= Caught in the Moment =

Caught in the Moment is an American television program about trekking the globe and capturing once-in-a-lifetime moments with endangered species and other animals in natural environments. This series is hosted by Tristan Bayer and Vanessa Garnick. It was shown on Animal Planet.

== Episodes ==
1. Costa Rica - Bayer and Garnick go to Costa Rica to film the "arribada" a sea turtle mass nesting. More than 150,000 olive ridley sea turtles haul themselves up on a 1-kilometer stretch of beach. Capuchin monkeys, ghost crabs, coatis and Jesus Christ lizards or basilisks are also filmed.

2. British Columbia - Bayer and Garnick explore the Great Bear Rainforest following the Pacific salmon migration. Their main goal is to film the spirit bear, or Kermode bear. Orcas, grizzly bears, and black bears feature in this episode too.

3. Cocos Island - Bayer and Garnick travel to the largest uninhabited island off the coast of Costa Rica. Diving in at the chance Bayer and Garnick film a huge school of hammerhead shark. With some high-tech gear they get their shot. Filling the water and the episode are white-tipped shark, manta rays, and dolphins.

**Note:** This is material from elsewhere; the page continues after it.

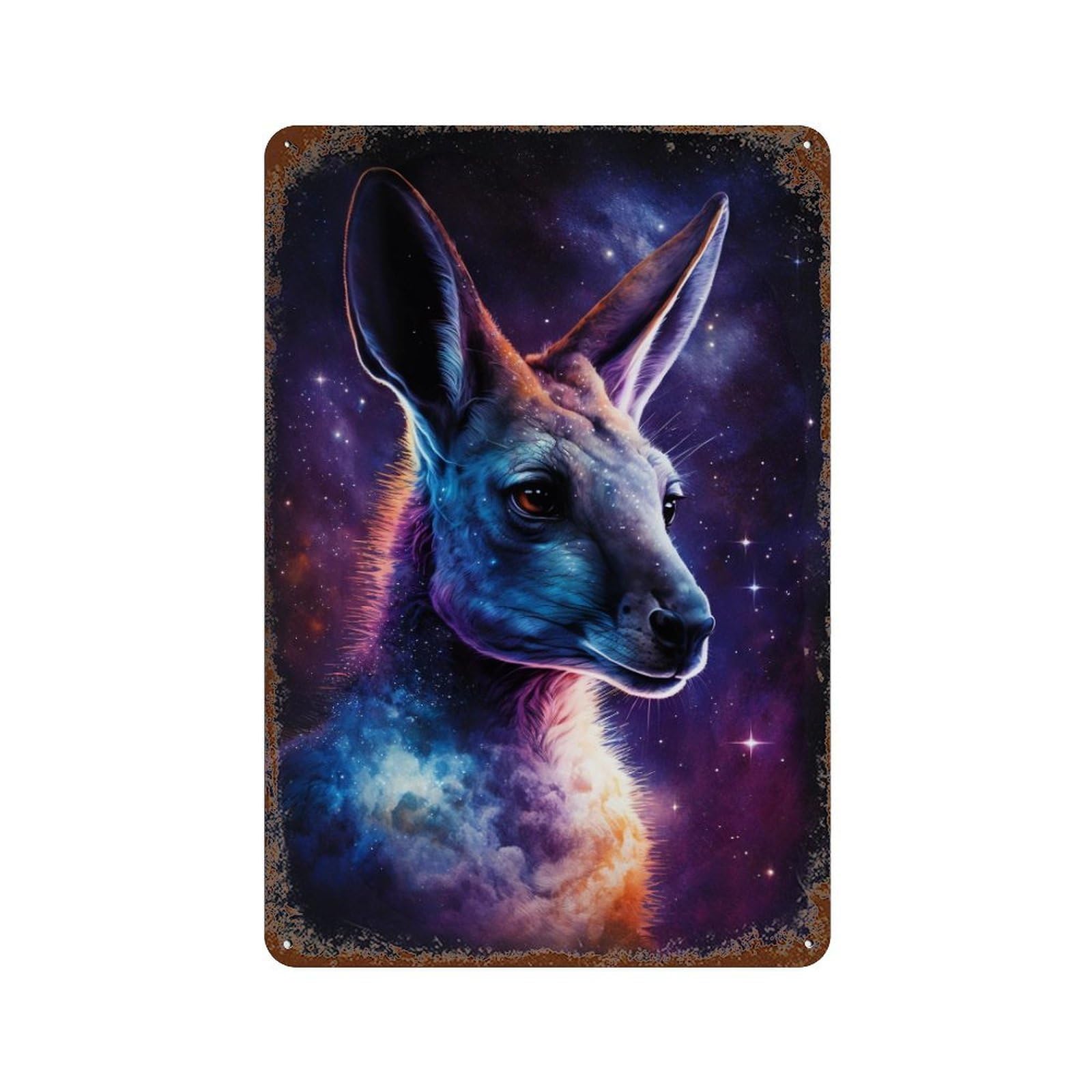 Cosmic Kangaroo Portrait-12 Rust Effect Tin Sign 11.8"x7.9", Rustic Home Decor for Garage, Pub Or Kitchen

4. Japan - Bayer and Garnick fly to Japan to film the elegant and endangered red-crowned crane and its beautiful mating dance. With the help of Mrs. Watanabe, a Japanese woman who has been feeding the cranes in her back yard for several years, the crane is making a population comeback from only 25 to 1,00. The show also features Japanese macaques and Steller's sea eagles.

5. Madagascar - Bayer and Garnick go to Madagascar to film Verreaux's sifaka. They aim to film the acrobatic lemur's long range jump. Ring tailed lemurs and chameleons are also seem.

6. India - Bayer and Garnick find themselves in Jodphur, India hoping to film the Hanuman langurs. The langurs coexist with humans in this city. The human citizens believe they are incarnations of the Hindu god Hanuman.

Later, Bayer and Garnick travel to the red cliffs of Daijar to film more langur. The blackbuck and brown rat are given some screen time too.

7. Monterey Bay - Bayer and Garnick are now on their way to America's largest marine sanctuary, known as the "Serengeti of the Sea". Bayer and Garnick hope to film the gray whale migration, however there are killer whales or orcas waiting for these whales as they pass through the sanctuary.

8. Thailand - Bayer and Garnick visit Thailand. The mission is to film some wild Asian elephants. The only problem is that they are very much endangered in the wild. Their first stop is the city Chiang Mai, Thailand's largest city. They are appalled at the sight of young elephants on street corners being used to help beggars get some attention.

Later, they go to an elephant sanctuary which rescues elephants that were mistreated on streets and in safari camps.

9. Mongolia - Bayer and Garnick travel to Mongolia to film the wild horse, or better known as the Przewalski's horse. Also featured in the episode are marmot and vulture.

10. Best Moments - Composed of best moments from the previous nine episodes, ended with the conservation music video which Tristan Bayer had been talking all through the show. The song is Touch the Sky performed by Irish group Young Dubliners.

==Reception==
Common Sense Media rated the show 4 out of 5 stars.